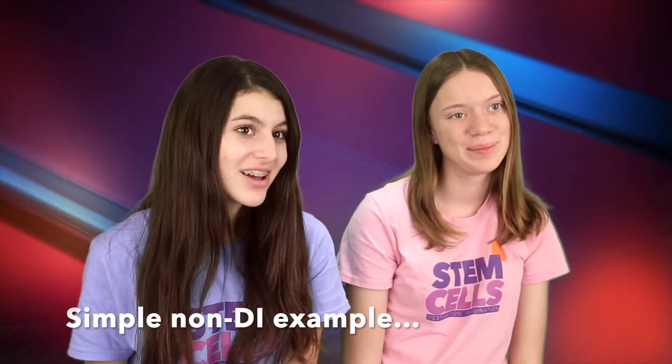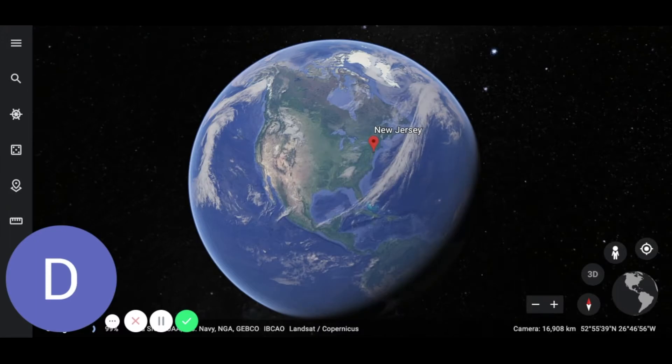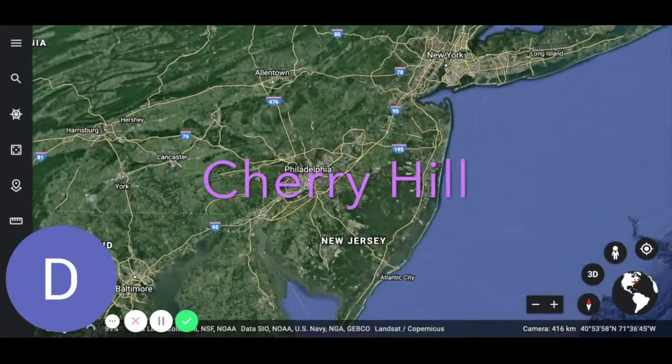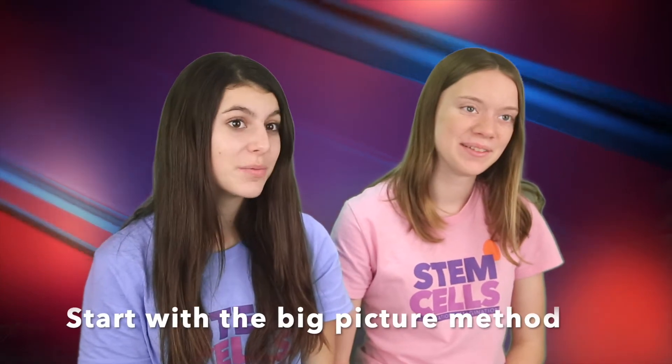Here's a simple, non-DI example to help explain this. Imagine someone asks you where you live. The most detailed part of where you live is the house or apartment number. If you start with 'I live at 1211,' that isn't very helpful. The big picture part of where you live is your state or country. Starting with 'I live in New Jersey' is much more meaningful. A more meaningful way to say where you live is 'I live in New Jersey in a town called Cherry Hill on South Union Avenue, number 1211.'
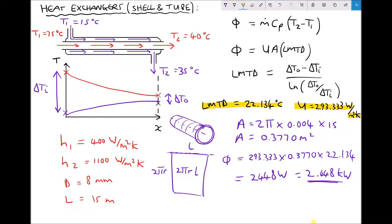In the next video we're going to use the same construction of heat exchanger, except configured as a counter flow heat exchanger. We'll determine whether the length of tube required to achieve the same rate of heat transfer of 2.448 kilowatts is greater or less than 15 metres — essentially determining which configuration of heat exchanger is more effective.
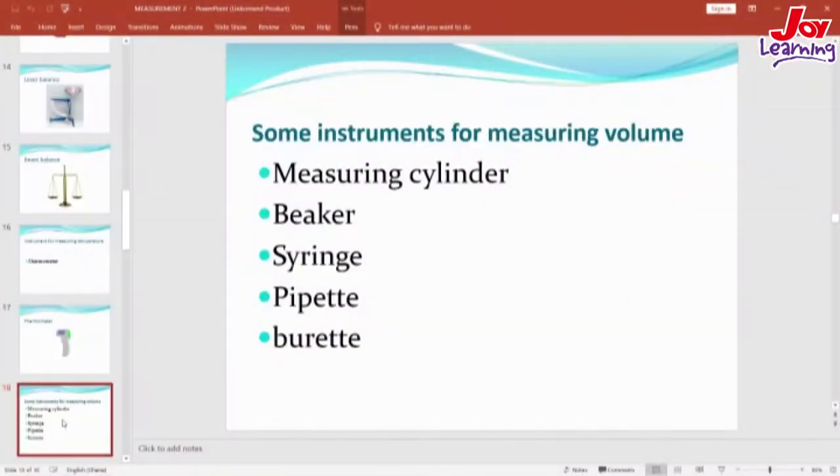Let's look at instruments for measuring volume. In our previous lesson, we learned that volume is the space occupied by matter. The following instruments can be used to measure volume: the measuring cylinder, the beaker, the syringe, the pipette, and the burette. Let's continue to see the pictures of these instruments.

▶ [Task to complete] Word for word, reproduce the material above and omit each image.

▶ [Result of this exercise]
Here's a simple, non-DI example to help explain this. Imagine someone asks you where you live. The most detailed part of where you live is the house or apartment number. If you start with 'I live at 1211,' that isn't very helpful. The big picture part of where you live is your state or country. Starting with 'I live in New Jersey' is much more meaningful. A more meaningful way to say where you live is 'I live in New Jersey in a town called Cherry Hill on South Union Avenue, number 1211.'
In the next video we're going to use the same construction of heat exchanger, except configured as a counter flow heat exchanger. We'll determine whether the length of tube required to achieve the same rate of heat transfer of 2.448 kilowatts is greater or less than 15 metres — essentially determining which configuration of heat exchanger is more effective.
Let's look at instruments for measuring volume. In our previous lesson, we learned that volume is the space occupied by matter. The following instruments can be used to measure volume: the measuring cylinder, the beaker, the syringe, the pipette, and the burette. Let's continue to see the pictures of these instruments.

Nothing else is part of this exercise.